··· GIVEN ENTRIES
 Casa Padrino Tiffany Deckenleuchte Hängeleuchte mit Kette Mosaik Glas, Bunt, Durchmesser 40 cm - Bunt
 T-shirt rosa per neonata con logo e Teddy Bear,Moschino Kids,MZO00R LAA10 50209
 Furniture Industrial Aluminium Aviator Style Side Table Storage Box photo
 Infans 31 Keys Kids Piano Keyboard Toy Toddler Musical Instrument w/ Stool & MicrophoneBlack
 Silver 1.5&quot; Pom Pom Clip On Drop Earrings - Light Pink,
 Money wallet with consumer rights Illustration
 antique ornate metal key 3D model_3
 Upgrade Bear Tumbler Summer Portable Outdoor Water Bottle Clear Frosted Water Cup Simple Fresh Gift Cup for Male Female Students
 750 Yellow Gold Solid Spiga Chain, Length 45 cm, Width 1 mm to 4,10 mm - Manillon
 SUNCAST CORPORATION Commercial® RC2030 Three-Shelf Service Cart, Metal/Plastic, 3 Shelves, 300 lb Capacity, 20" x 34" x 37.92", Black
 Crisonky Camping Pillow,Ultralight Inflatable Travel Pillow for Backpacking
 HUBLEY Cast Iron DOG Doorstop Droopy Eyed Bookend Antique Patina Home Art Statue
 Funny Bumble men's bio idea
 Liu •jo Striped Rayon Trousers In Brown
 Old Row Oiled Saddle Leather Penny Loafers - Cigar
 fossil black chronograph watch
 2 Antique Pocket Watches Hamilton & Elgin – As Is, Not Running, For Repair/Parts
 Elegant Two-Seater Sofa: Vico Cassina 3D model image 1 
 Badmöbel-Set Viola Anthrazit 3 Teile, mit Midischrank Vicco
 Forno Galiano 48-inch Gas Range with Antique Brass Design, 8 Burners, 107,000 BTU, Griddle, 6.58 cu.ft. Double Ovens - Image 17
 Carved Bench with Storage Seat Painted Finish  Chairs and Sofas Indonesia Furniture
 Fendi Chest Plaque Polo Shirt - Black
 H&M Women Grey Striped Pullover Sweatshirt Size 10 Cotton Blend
······
TASK TO CARRY OUT:
An exact copy of every record is needed; write it out in full.

TASK SOLUTION:
 Casa Padrino Tiffany Deckenleuchte Hängeleuchte mit Kette Mosaik Glas, Bunt, Durchmesser 40 cm - Bunt
 T-shirt rosa per neonata con logo e Teddy Bear,Moschino Kids,MZO00R LAA10 50209
 Furniture Industrial Aluminium Aviator Style Side Table Storage Box photo
 Infans 31 Keys Kids Piano Keyboard Toy Toddler Musical Instrument w/ Stool & MicrophoneBlack
 Silver 1.5&quot; Pom Pom Clip On Drop Earrings - Light Pink,
 Money wallet with consumer rights Illustration
 antique ornate metal key 3D model_3
 Upgrade Bear Tumbler Summer Portable Outdoor Water Bottle Clear Frosted Water Cup Simple Fresh Gift Cup for Male Female Students
 750 Yellow Gold Solid Spiga Chain, Length 45 cm, Width 1 mm to 4,10 mm - Manillon
 SUNCAST CORPORATION Commercial® RC2030 Three-Shelf Service Cart, Metal/Plastic, 3 Shelves, 300 lb Capacity, 20" x 34" x 37.92", Black
 Crisonky Camping Pillow,Ultralight Inflatable Travel Pillow for Backpacking
 HUBLEY Cast Iron DOG Doorstop Droopy Eyed Bookend Antique Patina Home Art Statue
 Funny Bumble men's bio idea
 Liu •jo Striped Rayon Trousers In Brown
 Old Row Oiled Saddle Leather Penny Loafers - Cigar
 fossil black chronograph watch
 2 Antique Pocket Watches Hamilton & Elgin – As Is, Not Running, For Repair/Parts
 Elegant Two-Seater Sofa: Vico Cassina 3D model image 1 
 Badmöbel-Set Viola Anthrazit 3 Teile, mit Midischrank Vicco
 Forno Galiano 48-inch Gas Range with Antique Brass Design, 8 Burners, 107,000 BTU, Griddle, 6.58 cu.ft. Double Ovens - Image 17
 Carved Bench with Storage Seat Painted Finish  Chairs and Sofas Indonesia Furniture
 Fendi Chest Plaque Polo Shirt - Black
 H&M Women Grey Striped Pullover Sweatshirt Size 10 Cotton Blend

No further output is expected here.